The buckling height of the bearing platform concrete was smaller than the embedment depth because the contact area between the pipe pile and the bearing platform was subjected to the extrusion pressure of the pile body under the reciprocating load. When the squeezing force on the contact area was greater than the bearing capacity of the concrete in the contact area, buckling damage occurred.

3.2. Skeleton Curve

The load–displacement skeleton curves of test specimens JCT-200 and JCT-300 are shown in Figure 8.

As shown in Figure 8, both specimens underwent the elastic stage, elastic–plastic stage and plastic stage. In the initial loading stage, the specimens were in the elastic stage, and the nodal load–displacement relationship curves were linear. Following the elastic phase, the specimens were in the elastic–plastic phase until they reached the ultimate load capacity. After reaching the ultimate load capacity, the specimens were in the plastic stage.

In the elastic stage, the displacement of the specimen is small. After the specimen enters the elastic–plastic stage, during the loading process, the pipe pile and bearing platform in the specimen crack gradually, and the structural stiffness gradually decreases until the ultimate bearing capacity is reached. After reaching the ultimate load-carrying capacity, the rotational capacity of the nodes increases, the stiffness of the members decreases substantially with the increasing load and displacement and the members rapidly lose their load-bearing capacity.

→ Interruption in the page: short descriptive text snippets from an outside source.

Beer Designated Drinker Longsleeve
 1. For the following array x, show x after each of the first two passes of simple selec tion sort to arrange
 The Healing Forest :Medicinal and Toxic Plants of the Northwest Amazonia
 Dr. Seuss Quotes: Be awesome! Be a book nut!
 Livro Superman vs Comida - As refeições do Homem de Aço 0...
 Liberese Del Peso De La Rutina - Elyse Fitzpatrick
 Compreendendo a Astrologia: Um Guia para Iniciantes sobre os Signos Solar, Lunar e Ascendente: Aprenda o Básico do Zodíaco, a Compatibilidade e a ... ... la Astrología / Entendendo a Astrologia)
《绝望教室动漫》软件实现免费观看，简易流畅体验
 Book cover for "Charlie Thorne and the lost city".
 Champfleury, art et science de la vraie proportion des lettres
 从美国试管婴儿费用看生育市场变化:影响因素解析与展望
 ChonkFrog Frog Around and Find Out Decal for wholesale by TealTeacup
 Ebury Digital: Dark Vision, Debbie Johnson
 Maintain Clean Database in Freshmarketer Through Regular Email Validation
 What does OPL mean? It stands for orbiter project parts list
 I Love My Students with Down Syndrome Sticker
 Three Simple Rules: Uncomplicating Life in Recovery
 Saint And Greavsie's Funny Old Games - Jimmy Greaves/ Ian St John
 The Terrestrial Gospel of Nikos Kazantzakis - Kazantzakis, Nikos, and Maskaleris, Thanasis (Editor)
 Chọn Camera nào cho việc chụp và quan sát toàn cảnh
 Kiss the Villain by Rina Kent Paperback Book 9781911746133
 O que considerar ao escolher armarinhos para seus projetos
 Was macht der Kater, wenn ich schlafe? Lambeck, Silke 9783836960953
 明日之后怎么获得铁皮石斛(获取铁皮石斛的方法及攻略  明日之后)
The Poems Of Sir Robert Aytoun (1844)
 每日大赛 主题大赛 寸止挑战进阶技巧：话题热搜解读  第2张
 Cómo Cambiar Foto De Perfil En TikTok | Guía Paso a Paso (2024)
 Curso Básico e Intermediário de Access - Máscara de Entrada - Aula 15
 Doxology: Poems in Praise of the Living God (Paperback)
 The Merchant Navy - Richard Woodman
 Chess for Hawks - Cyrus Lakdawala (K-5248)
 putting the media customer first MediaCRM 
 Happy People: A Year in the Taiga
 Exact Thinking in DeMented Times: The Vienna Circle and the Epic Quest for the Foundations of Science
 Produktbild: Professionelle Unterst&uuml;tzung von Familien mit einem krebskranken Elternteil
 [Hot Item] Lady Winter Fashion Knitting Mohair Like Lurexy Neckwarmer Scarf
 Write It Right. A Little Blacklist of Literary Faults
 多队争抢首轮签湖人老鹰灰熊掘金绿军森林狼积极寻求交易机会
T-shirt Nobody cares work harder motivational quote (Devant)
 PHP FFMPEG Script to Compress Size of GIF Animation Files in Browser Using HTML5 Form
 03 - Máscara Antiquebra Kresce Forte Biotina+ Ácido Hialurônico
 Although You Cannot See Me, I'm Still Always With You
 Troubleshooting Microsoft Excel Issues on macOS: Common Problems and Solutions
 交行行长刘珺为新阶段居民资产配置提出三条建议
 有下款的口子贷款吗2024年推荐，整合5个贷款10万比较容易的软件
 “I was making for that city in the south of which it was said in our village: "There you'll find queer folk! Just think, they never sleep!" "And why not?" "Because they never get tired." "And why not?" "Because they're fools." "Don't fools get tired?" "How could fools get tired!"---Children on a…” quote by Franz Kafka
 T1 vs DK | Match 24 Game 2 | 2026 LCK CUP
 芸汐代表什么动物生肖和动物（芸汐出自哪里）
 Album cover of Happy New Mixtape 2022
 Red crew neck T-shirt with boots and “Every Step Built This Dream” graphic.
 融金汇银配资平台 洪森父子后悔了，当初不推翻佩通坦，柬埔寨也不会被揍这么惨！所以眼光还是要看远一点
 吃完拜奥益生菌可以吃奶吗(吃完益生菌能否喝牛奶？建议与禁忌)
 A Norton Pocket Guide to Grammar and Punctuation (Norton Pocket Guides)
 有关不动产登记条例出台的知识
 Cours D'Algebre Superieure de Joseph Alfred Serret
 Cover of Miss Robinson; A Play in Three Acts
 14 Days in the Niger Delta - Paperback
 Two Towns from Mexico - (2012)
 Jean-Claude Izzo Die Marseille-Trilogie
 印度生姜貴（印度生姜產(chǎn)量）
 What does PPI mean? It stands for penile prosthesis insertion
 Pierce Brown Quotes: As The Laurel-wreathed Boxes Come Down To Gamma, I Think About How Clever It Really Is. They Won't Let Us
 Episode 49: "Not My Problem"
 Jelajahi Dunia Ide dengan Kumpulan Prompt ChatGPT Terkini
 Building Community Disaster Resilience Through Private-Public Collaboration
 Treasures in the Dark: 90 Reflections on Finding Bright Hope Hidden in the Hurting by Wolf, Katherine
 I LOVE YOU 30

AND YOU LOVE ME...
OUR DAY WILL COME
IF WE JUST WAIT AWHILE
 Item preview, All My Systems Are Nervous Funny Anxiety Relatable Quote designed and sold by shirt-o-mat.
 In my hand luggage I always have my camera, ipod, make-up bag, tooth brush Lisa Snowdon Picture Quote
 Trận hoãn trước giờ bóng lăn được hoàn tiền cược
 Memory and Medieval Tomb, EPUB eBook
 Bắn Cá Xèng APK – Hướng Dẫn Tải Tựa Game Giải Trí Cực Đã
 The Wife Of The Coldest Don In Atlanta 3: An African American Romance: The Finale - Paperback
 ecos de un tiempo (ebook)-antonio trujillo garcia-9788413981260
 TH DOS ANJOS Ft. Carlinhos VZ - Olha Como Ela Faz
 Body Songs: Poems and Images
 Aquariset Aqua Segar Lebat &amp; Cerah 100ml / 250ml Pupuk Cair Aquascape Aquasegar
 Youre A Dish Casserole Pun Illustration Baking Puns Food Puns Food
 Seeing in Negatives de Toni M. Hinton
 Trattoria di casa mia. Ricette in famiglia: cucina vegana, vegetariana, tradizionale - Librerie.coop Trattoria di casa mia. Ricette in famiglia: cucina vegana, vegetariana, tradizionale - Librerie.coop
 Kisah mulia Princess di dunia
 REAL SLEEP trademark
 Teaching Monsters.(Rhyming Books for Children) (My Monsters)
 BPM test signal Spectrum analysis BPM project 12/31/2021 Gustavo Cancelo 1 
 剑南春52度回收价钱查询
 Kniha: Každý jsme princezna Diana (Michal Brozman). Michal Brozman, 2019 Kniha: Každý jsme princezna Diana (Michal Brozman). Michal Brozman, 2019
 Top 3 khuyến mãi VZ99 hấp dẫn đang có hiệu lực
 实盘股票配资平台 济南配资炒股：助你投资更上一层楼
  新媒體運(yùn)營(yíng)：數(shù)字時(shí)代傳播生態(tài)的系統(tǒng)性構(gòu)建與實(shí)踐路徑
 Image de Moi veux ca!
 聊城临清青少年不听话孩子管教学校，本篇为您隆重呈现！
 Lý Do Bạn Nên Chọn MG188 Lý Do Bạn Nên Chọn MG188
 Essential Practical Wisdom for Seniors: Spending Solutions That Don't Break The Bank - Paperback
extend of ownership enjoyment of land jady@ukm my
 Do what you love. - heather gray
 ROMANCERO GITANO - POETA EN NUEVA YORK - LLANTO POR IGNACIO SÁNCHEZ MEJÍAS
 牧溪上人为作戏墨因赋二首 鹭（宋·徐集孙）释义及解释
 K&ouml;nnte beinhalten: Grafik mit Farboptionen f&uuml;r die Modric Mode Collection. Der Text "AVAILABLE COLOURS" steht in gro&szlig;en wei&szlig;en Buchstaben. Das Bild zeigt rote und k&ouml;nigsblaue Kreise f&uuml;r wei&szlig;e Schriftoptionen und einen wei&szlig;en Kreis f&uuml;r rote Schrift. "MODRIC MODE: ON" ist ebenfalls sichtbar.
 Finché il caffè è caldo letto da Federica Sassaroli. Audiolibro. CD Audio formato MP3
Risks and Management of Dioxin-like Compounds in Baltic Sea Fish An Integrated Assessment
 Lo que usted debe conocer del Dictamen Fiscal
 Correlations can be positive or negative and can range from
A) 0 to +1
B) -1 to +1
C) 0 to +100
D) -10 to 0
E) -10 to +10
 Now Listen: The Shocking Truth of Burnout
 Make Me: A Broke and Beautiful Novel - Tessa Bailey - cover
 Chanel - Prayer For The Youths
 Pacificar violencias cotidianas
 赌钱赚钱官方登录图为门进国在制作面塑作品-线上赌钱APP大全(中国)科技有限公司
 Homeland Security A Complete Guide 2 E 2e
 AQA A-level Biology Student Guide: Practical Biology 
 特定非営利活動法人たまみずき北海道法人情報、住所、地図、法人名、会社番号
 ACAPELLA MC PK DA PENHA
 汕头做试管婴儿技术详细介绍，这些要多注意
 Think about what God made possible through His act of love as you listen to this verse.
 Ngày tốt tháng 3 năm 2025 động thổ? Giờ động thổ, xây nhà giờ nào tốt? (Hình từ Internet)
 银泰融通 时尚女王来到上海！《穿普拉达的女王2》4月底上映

4. Finite Element Analysis

4.1. Finite Element Model

To conduct an in-depth study on the mechanical performance of nodes between prestressed concrete pipe piles and caps, finite element simulations are performed at various nodes using the static general-purpose module in the ABAQUS finite element software (version 6.14). In these simulations, the geometrical and physical model parameters are identical to those of the test specimens.

The numerical simulation process of this project involves four steps: applying a prestressing force via the cooling method, applying a vertical axial force, applying a horizontal load and applying horizontal displacement. The whole process is controlled using automatic incremental steps with all nonlinear switches turned on.

The concrete damage principle is modeled by the concrete plastic damage model in the ABAQUS material library, and the stress–strain curve in the Code for the Design of Concrete Structures [29] is used. The expansion angle is set to 30°, the eccentricity is set to 0.1, the ratio of the biaxial compressive strength to the uniaxial compressive strength is set to 1.16, the ratio of the second stress invariant on the tensile meridian is set to 0.6667 and the coefficient of viscosity is set to 0.001.

To accurately simulate the testing conditions, the boundary conditions in the finite element analysis are close to those of the test. Fixed boundary conditions are used within 200 mm of the bottom and top ends of the bearing platform.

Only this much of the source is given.